Compiling BRP for AARCH64-Linux

Christian Beer

Joined: 9 Feb 05

Posts: 595

Credit: 197453608

RAC: 32777

I'm now testing the

22 Jun 2016 11:20:07 UTC

Message 138533

(moderation:

)

I'm now testing the -D__ARM_NEON__ option for fftw. A quick and dirty version of build.sh and the makefile would be good so I can compare to what I effectively use in my pretty version.

N30dG

Joined: 29 Feb 16

Posts: 89

Credit: 4805610

RAC: 0

RE: I'm now testing the

22 Jun 2016 14:22:34 UTC

Message 138534 in response to message 138533

(moderation:

)

Quote:

I'm now testing the -D__ARM_NEON__ option for fftw. A quick and dirty version of build.sh and the makefile would be good so I can compare to what I effectively use in my pretty version.

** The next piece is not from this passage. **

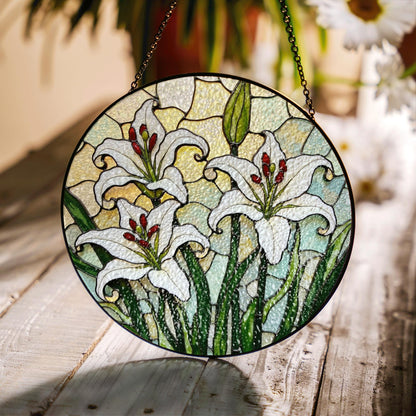 Stained Glass Lily Suncatcher Elegant White Lily Design Gift for Nature Lovers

Can you send me a PM with your email?

Christian Beer

Joined: 9 Feb 05

Posts: 595

Credit: 197453608

RAC: 32777

Now I'm also getting 16.2k

24 Jun 2016 6:01:31 UTC

Message 138535

(moderation:

)

Now I'm also getting 16.2k sec runtime. I made two changes to my build setup that where different to the setup I got from N30dG and I'm going to verify which of the two is responsible next week. I fthis goes well we may have a test run on Albert@home. So if you have a 64bit ARM running Linux please attach it to https://albertathome.org

Christian Beer

Joined: 9 Feb 05

Posts: 595

Credit: 197453608

RAC: 32777

Just to let everyone know

28 Jun 2016 11:51:41 UTC

Message 138536

(moderation:

)

Just to let everyone know that I identified the change that made the app jump from 40k to 16k. It is the "-ftree-vectorize" compiler option. I still need to make another test without the "-mcpu=cortex-a53+simd" option to see if we stay at this level when we release an app version on Albert@home that is not CPU specific.

Regards
Christian

N30dG

Joined: 29 Feb 16

Posts: 89

Credit: 4805610

RAC: 0

RE: Just to let everyone

1 Jul 2016 15:37:53 UTC

Message 138537 in response to message 138536

(moderation:

)

Quote:

Just to let everyone know that I identified the change that made the app jump from 40k to 16k. It is the "-ftree-vectorize" compiler option. I still need to make another test without the "-mcpu=cortex-a53+simd" option to see if we stay at this level when we release an app version on Albert@home that is not CPU specific.

Mhhh, this can't be.
I only activated the -ftree-vectorize Option for testing purpose. I've simple forgot to remove it. - Sorry for the misinformation -

ftree-vectorize can improve Performance but it also can decrease it, by stalling the Pipeline.

You should note that the cost's for moving data between Core and Neon are high, very very high if you load unaligned data. And the Neon is always some cycles behind the core. By vetorize the tree you produce high movement (often unaligned) between the Core and Neon. So the core have often to wait for neon to finish and moving data back. And it comes to a pipeline-stall.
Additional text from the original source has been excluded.